Data items:
╔══

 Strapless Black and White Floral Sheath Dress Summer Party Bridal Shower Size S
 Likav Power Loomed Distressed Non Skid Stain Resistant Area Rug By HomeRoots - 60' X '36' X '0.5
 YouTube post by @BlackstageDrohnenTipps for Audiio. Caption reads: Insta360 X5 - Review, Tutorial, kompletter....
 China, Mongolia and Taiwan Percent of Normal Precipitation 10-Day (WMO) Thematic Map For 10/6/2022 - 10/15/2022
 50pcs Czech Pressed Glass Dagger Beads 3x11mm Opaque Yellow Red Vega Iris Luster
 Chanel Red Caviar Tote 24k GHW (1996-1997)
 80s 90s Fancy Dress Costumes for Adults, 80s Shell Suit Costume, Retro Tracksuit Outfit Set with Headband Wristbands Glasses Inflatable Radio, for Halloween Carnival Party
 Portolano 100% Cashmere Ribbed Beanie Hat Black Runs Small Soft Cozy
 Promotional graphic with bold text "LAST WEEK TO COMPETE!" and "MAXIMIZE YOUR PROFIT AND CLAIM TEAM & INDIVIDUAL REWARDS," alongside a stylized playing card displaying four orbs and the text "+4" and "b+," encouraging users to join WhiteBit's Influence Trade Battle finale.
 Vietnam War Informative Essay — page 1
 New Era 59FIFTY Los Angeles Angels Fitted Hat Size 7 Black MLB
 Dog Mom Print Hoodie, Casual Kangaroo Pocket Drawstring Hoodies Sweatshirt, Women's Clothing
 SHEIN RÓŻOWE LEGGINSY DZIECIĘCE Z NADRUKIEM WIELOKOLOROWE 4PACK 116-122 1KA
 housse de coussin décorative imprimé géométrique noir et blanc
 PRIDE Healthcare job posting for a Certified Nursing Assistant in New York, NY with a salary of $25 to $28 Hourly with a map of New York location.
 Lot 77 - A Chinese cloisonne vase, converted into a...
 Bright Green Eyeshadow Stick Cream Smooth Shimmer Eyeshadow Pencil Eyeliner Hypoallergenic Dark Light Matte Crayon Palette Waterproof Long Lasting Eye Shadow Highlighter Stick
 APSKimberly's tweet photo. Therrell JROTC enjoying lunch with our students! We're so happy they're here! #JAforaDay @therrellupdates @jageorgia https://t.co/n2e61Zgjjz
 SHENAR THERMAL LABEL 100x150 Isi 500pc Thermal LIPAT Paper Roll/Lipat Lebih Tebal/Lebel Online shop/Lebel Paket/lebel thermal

╚══

Problem details: Search the data above for the string "Dress" and copy each line that has it.

Response to this exercise:
 Strapless Black and White Floral Sheath Dress Summer Party Bridal Shower Size S
 80s 90s Fancy Dress Costumes for Adults, 80s Shell Suit Costume, Retro Tracksuit Outfit Set with Headband Wristbands Glasses Inflatable Radio, for Halloween Carnival Party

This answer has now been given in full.